Presto (originated at Facebook) is a yet another distributed SQL query engine for Hadoop that has recently generated huge excitement. What makes Presto so interesting, especially, in comparison to other existing engines like Cloudera Impala or Hive on Tez? The list of key differentiators includes:

Presto seems to be great for ad-hoc analysis – it runs queries quickly and scales from gigabytes to petabytes.
A single Presto query can process data from multiple sources e.g. HDFS, MySQL, Cassandra or even Kafka.
Large-scale companies like Facebook, Netflix, Airbnb or Dropbox like it and actively contribute to it.

Because (a) the excitement about Presto is evident, (b) running own benchmarks is time-consuming, in this tutorial we focus on the feature that allow us to process data from HDFS and MySQL in a single Presto query. Such a feature is quite unique, because it’s hasn’t been provided by other open-source projects like Hive and Impala (Impala, however, can process Hive and HBase table in a single query).

Presto Connectors

First, a bit of technical background. Presto supports pluggable connectors that provide metadata and data for queries. There is Hive connector (currently supports Text, SequenceFile, RCFile, ORC and, in a limited way, Parquet formats), MySQL connector and several others. You can even implement a custom one.

A coordinator (a master daemon) uses connectors to get metadata (such as table schema) that is needed to build a query plan. Workers use connectors to get actual data that will be processed by them.

Presto
Plugins

Our use-case

To demonstrate this feature, we use the Last.fm Dataset – 1K users dataset provided by Last.fm. It contains profile information (such as gender, age, country) about 1K users plus tracks that these users had been listening to.

In our tutorial, user profile information (40 kilobytes) will be kept in a MySQL table (something that actually makes sense in real-world scenarios when user base is small enough), while information about streamed tracks (2.4 gigabytes) will be uploaded to a Hive table.

Training environment

For simplicity and quick iterations, we use an already pre-configured single-node Hadoop YARN cluster with Hive and MySQL. An easy way to get it is to download Hortonworks Sandbox (we used Hortonworks Sandbox 2.2).

Presto installation

Because the installation of Presto is very smooth and well documented, we don’t duplicate these steps here. Should you follow the instructions carefully, you have a running Presto server in less then 10 minutes.

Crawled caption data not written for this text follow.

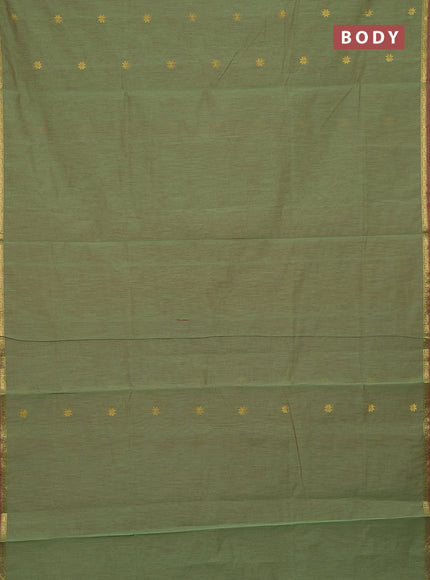 Semi maheswari cotton saree light green and red with zari woven buttas and small zari woven border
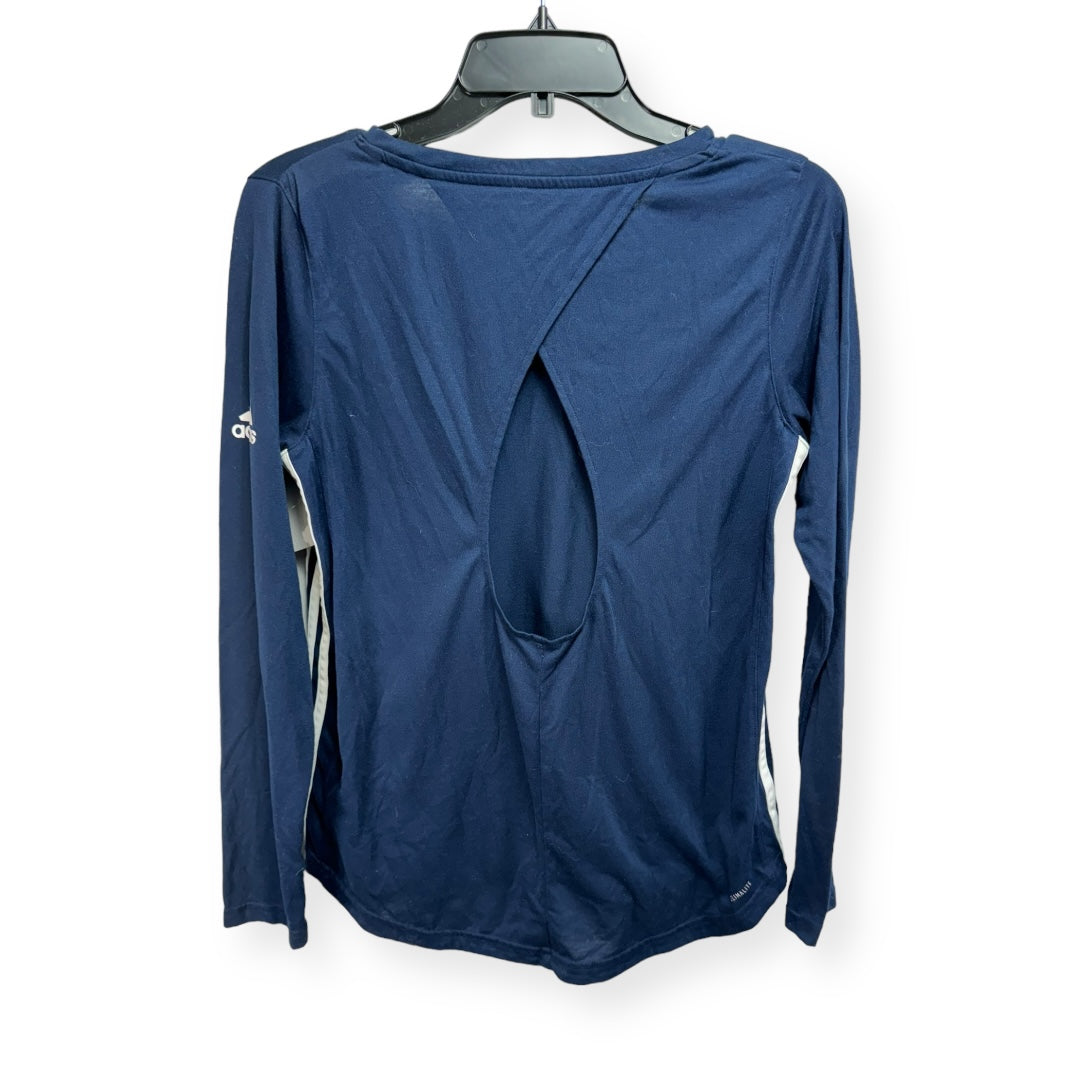 Navy Athletic Top Long Sleeve Crewneck Adidas, Size M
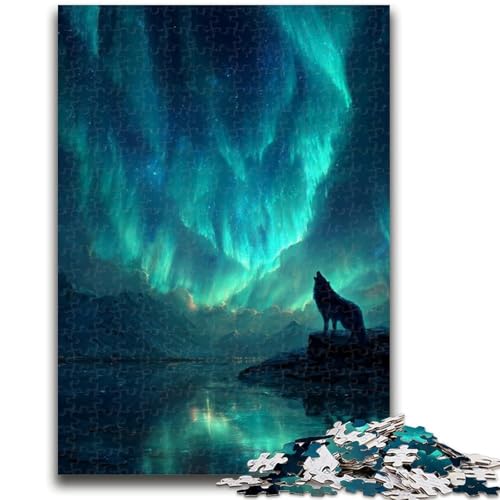 Puzzle für Teenager, Wolf unter der Aurora, 1000-teiliges Puzzle, Stressabbau, Staycation-Zeitvertreib-Wunschliste mit Weihnachtsmann (75x50cm) von GKJPOXZJ
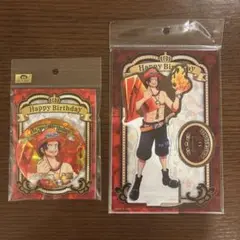 【24時間以内発送】ポートガス・D・エース アクリルスタンド 缶バッジ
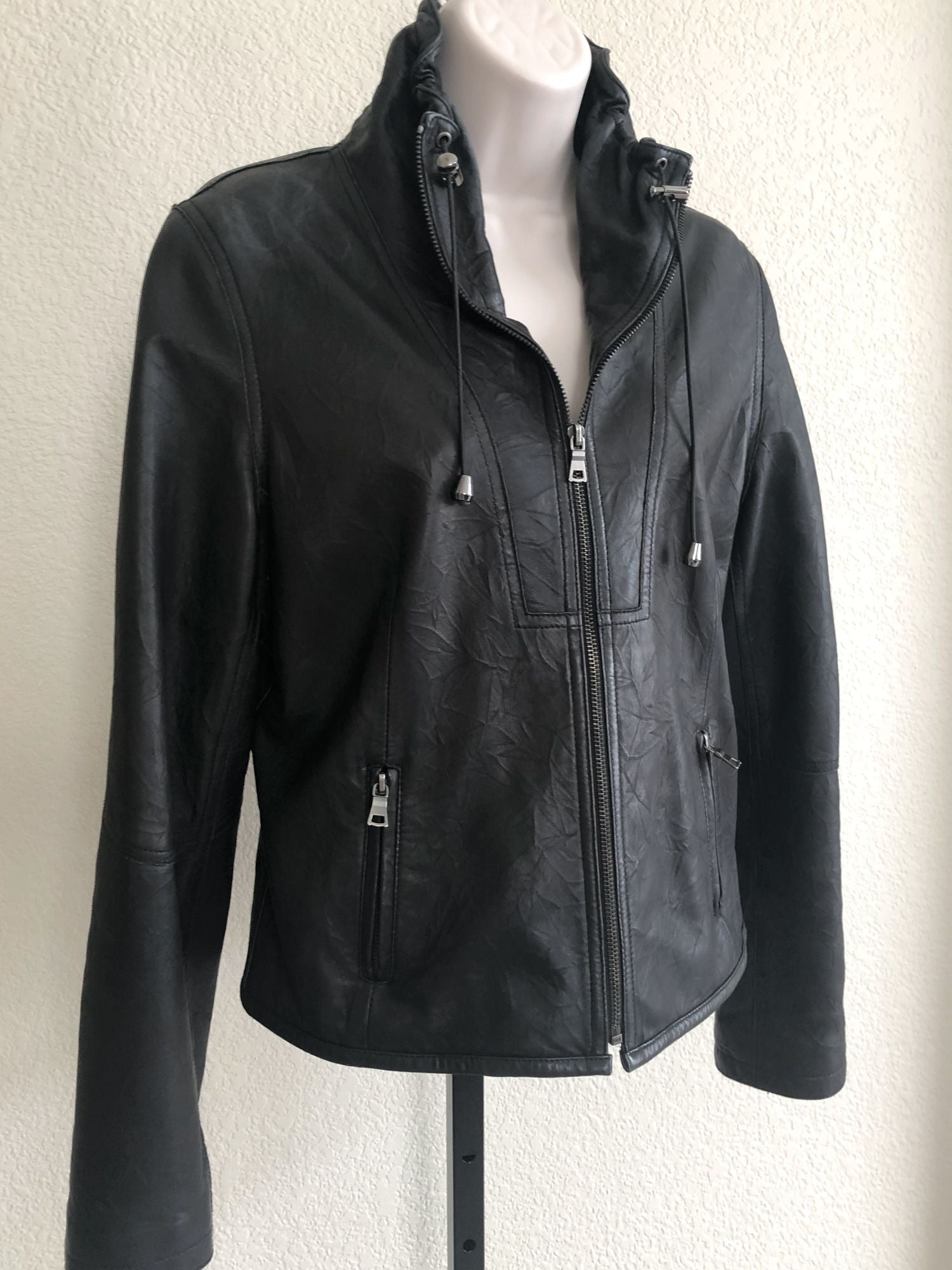 Black Leather Jacket Size Medium Ruched Collar - CLEARANCE
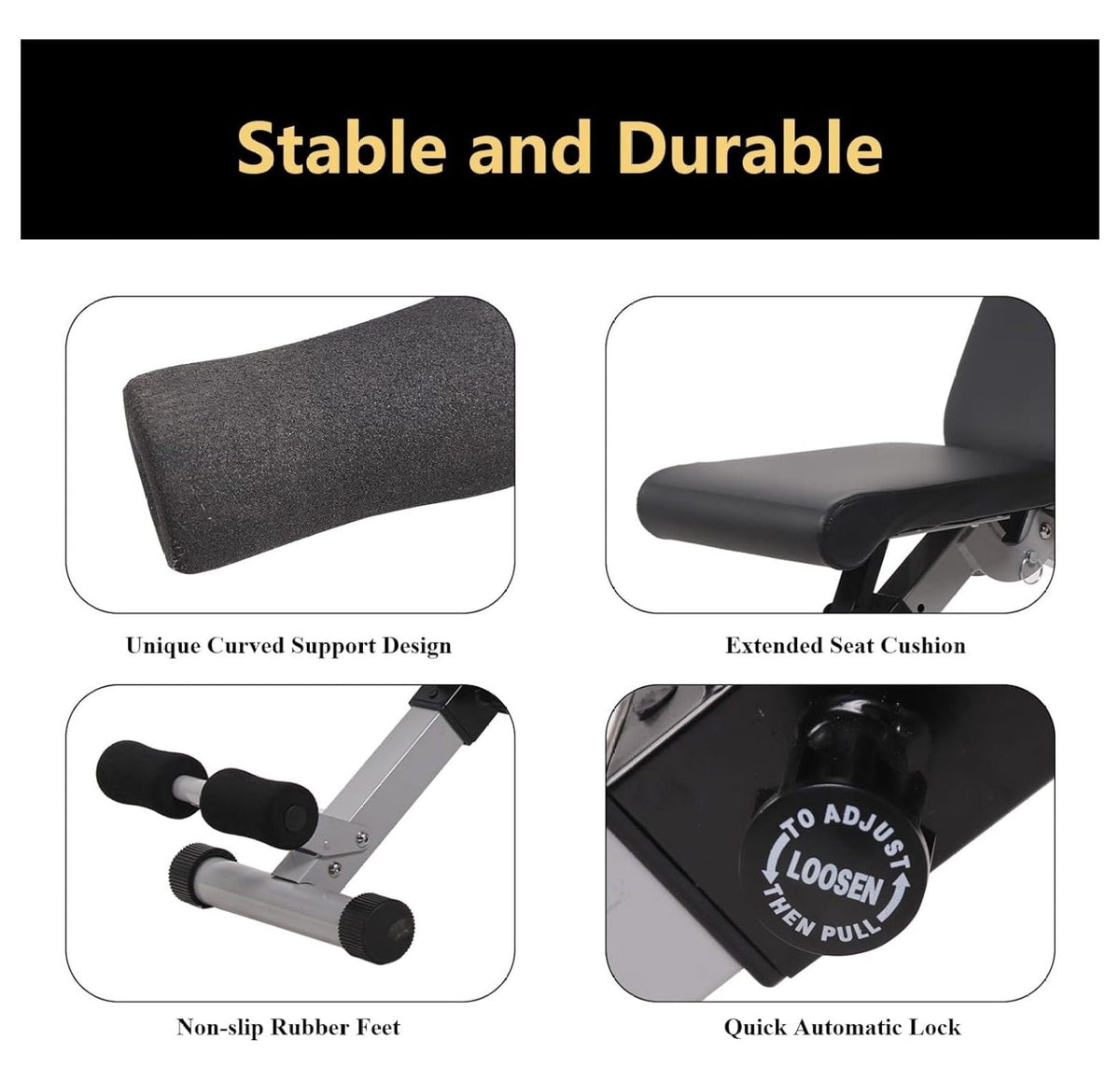Strength Bench Full Workout Home Decline Bench Gym Press Foldable Bench Adjustable for Training for Weight Incline Body,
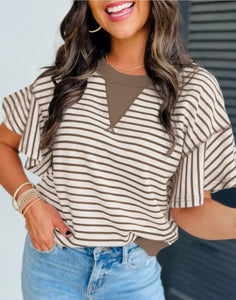 Striped Ruffle Sleeve Top!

Please note that Presto requires Java 8.

Unfortunately, Presto on YARN is not “officially” supported yet. This means that a Presto daemon should be installed on each node of your cluster (and share resources with NodeManager and YARN containers, if you happen to run YARN on the same nodes). There is, however, an interesting blog post that describes how to run Presto on YARN over Apache Twill.

Integration between Presto and MySQL and Hive

Please follow the instructions needed to integrate Presto with MySQL and Hive. In case of Hortonworks Sandbox 2.2, files shown below contain exemplary (and working) configuration settings.

$ cat etc/catalog/mysql.properties
connector.name=mysql
connection-url=jdbc:mysql://localhost:3306
connection-user=root
connection-password=

$ cat etc/catalog/hive.properties
connector.name=hive-hadoop2
hive.metastore.uri=thrift://localhost:9083

When these files are created, you can start Presto server.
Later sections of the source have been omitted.